- Task details
Please transcribe exactly the line that holds "Little Stint - ML647677219" and all lines that follow it to the end of the records below, omitting any pictures.

*** Task material ***

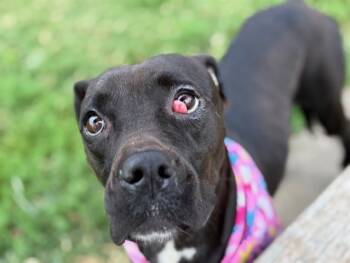 Rescue Boxer and Mixed Breed Dogs for Adoption in Tulsa, Oklahoma - ROXY | PetCurious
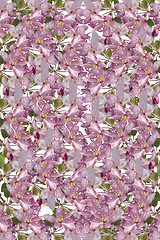 Image showing Blossom Background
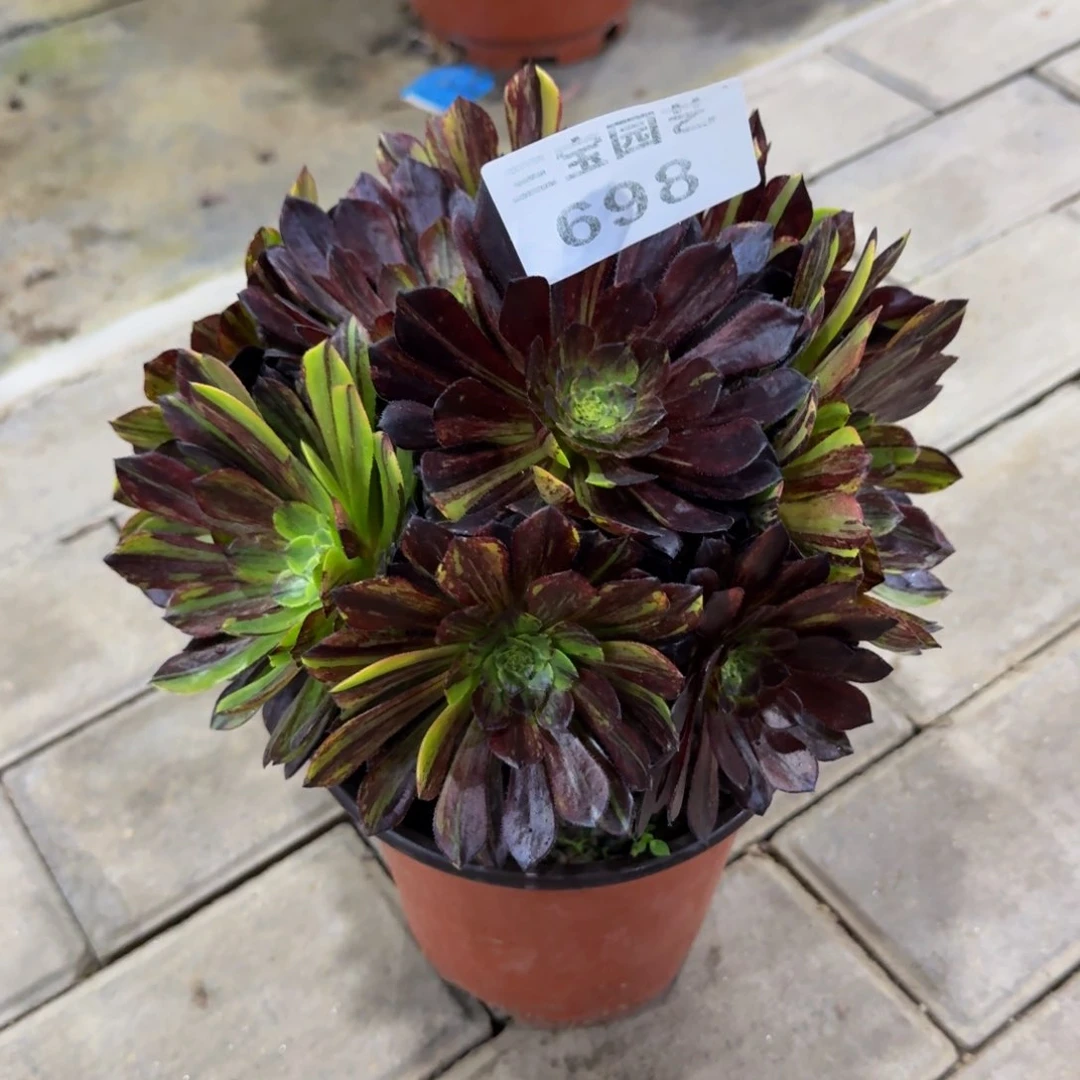 王**?多肉植物698莫兰迪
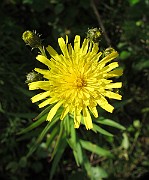 IMG_7725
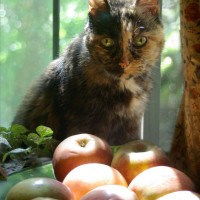 052311-CookieApples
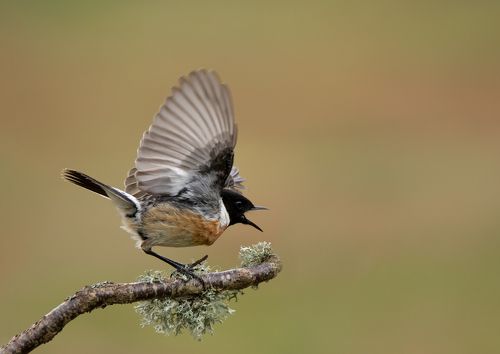 Stonechat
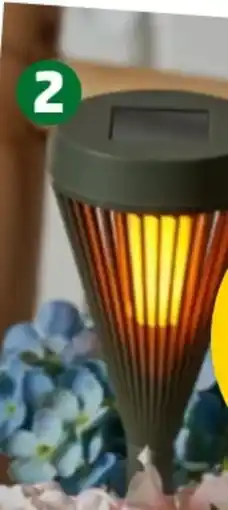PENNY Home Ideas Seasons Solarsteckfackeln Angebot
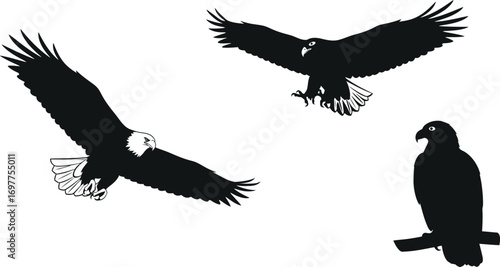 Eagle Illustration Flying Bald Eagle, Eagle Landing, Eagle Perched on Branch Silhouette
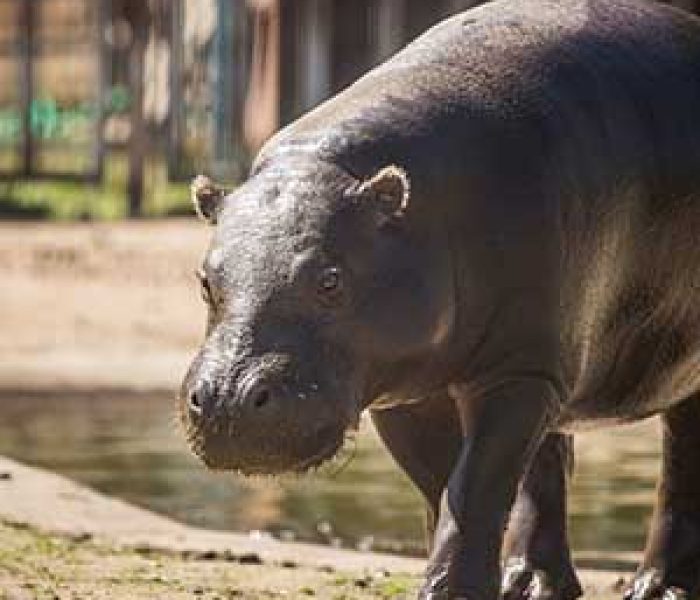 Canpol Zoo Polen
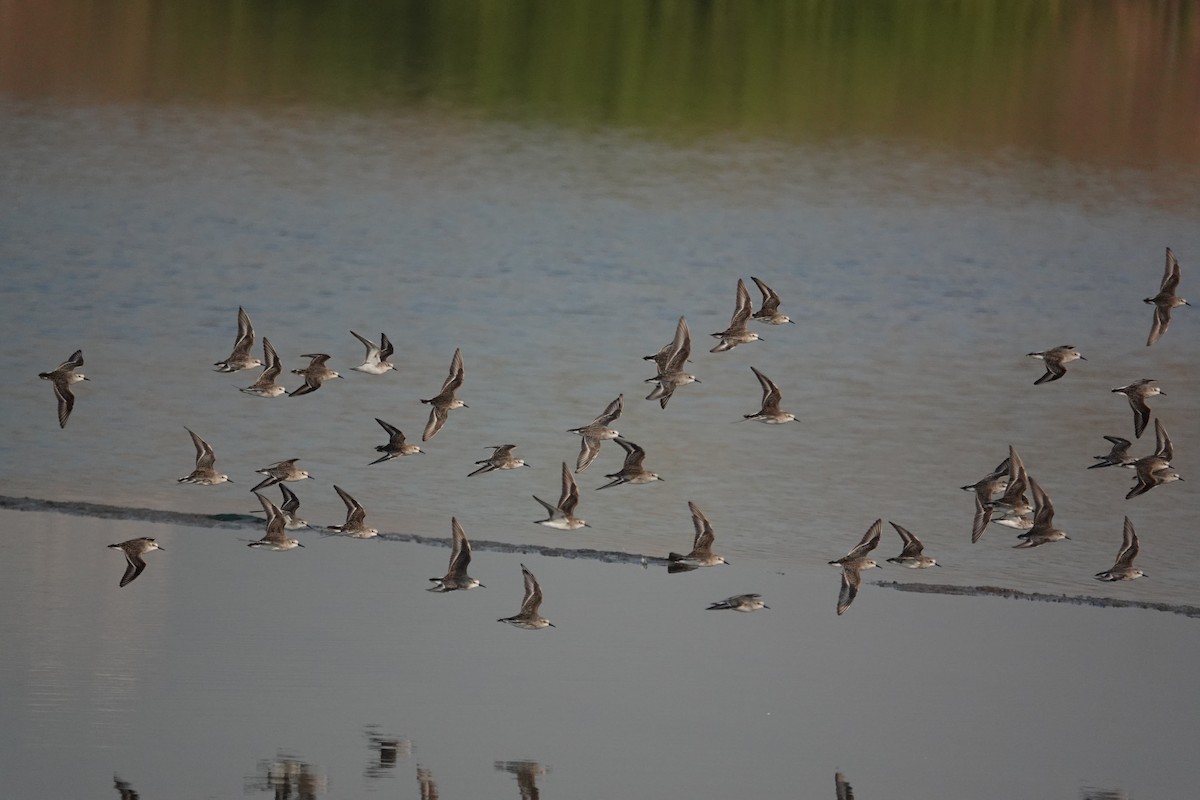 Little Stint - ML647677219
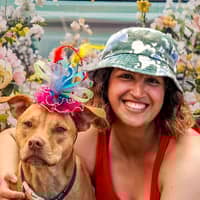 Sitter Profile Image: Victoria A.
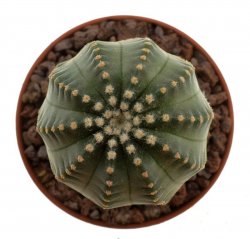 ECHINOCEREUS pullchelus var. amoenus f. aguirrei, illustrative photo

*** End of Task material ***

- Expected answer
 Little Stint - ML647677219
 Sitter Profile Image: Victoria A.
 ECHINOCEREUS pullchelus var. amoenus f. aguirrei, illustrative photo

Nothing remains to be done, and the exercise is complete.